I'm immensely fascinated by the colour of wine. Not only the hue, the transparency and lustre too. Colour is where I find minerals in my wines.
White wines take on transparent hues that can be as subtle as a yellow diamond or as deep as golden beryl or heliodor. The lustre can be glassy (vitreous) and gem-like (adamantine) or a little oily and pearlescent.
Red wines are not usually see-through except on the edges. They have a translucency that lets the light through but with some of the blockbusters unless the glass is held to a light source they seem totally opaque. Rubies and red garnets are the most common gemstones here.
And the Rosés, what a gorgeous array of transparent pinks and reds, from the palest pink fluorite to the deepest red tourmaline.
The colour of a Rosé can also be an indication to its make-up. The lighter the colour, the more likely it is to be made from Pinot Noir, a deeper red colour is a clue that it's made from merlot, malbec or syrah.
Line up a selection of Rosés up in a table and you'll see a gorgeous array of transparent pinks and reds that can be compared to the palest pink fluorite to the deepest red tourmaline.
The colour of the Abbey Cellars Blushing Monk Rosé 2011 fascinates me. It's the richest in a line-up on the table and with the light behind it, it looks like high quality red rubellite tourmaline but with the wall behind it, the colour is more ruby. It's in the darker spectrum because it is a 50/50 blend of Malbec and Merlot.

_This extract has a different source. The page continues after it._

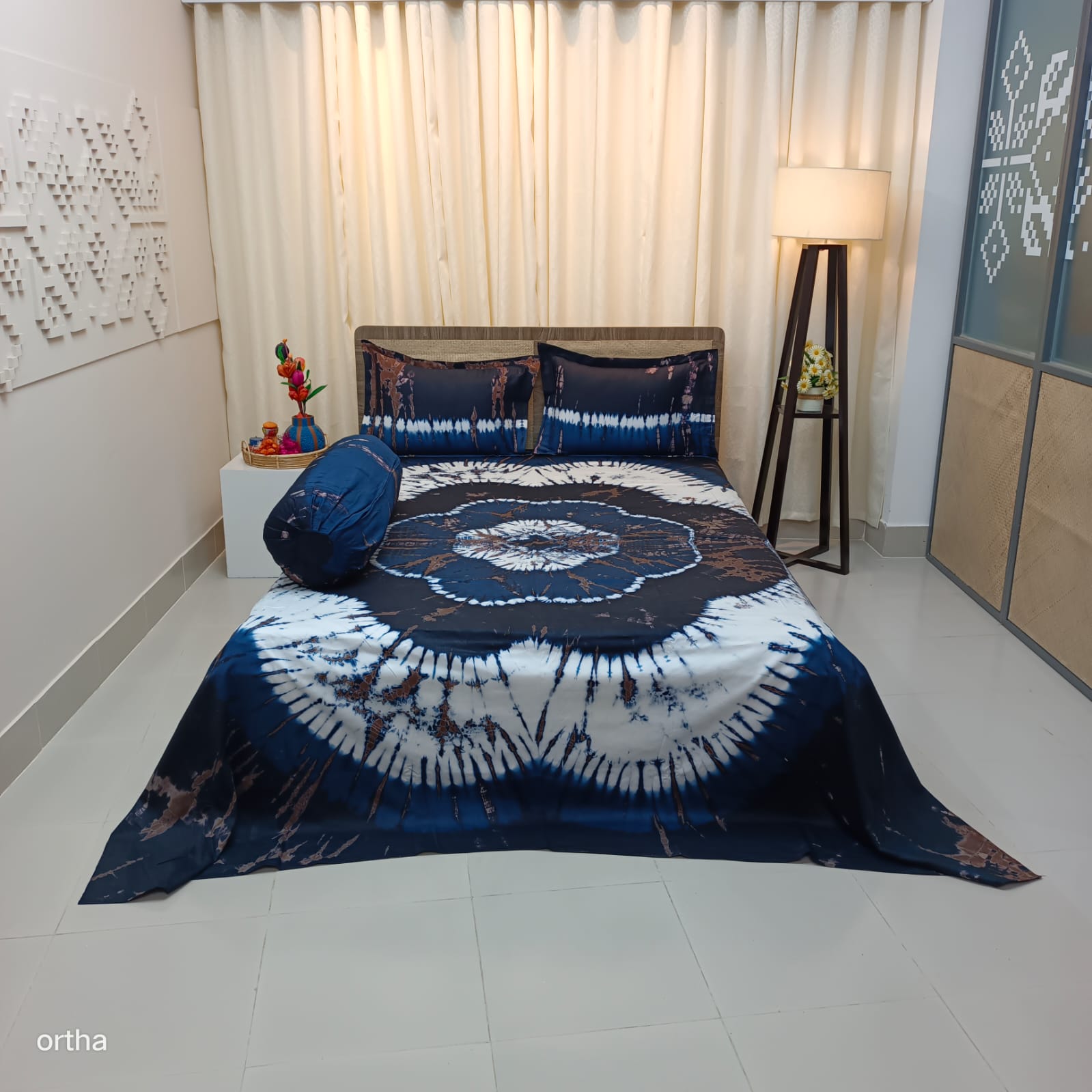Tie-dye Plain Satin Cotton Ortha Bedsheet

This is one sensational Rosé and no wonder the monk is blushing because it's such a feel good wine.
The aroma evokes memories of late summer, stopping to pick blackberries on the side of a country road, a little dusty perhaps, the sun on the brambly bushes, the blackberries warm and juicy. There's a floral intrigue to the scent as well, like the blackberry flowers at the end of spring. The taste of this rather seriously-styled Rosé builds in intensity in the palate, Earthy, savoury, spicy and soft with a creamy backbone and blackberry and raspberry fruit rippling through it, it's long and full with the dry finish balanced by the vinous sweetness.

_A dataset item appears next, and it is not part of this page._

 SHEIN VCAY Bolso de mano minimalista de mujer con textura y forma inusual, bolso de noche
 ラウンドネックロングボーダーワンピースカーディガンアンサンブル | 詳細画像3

A wine that must be chilled – it's Rosé and Rosé was made to be drunk cold – so ensure it goes into the refrigerator at least an hour before drinking, then keep it cool on the table in an ice bucket or some other fancy keep-wine-cool container.
Made by winemaker Amelia Rewai from the company's single estate vineyard in Bridge Pa, the grapes selected for this wine were 'first pick' from the merlot and malbec vines. No oak was used. Alcohol is just 12.5% and the bottle has a screwcap. Price is around $18 - $20. Check out www.abbeycellars.com for more.
We found this wine sensational simply matched to a green leafy salad with cherry tomatoes and lashings of the 'best' creamy mayonnaise.
I hope to be visiting Hawkes Bay in February. As I haven't been there before, Abbey Cellars is a 'must do' on my winery visit list as I pass through Hawkes Bay on my way from somewhere to elsewhere. I've already put 1769 Maraekakaho Rd at Bridge Pa, Hastings, into my GPS.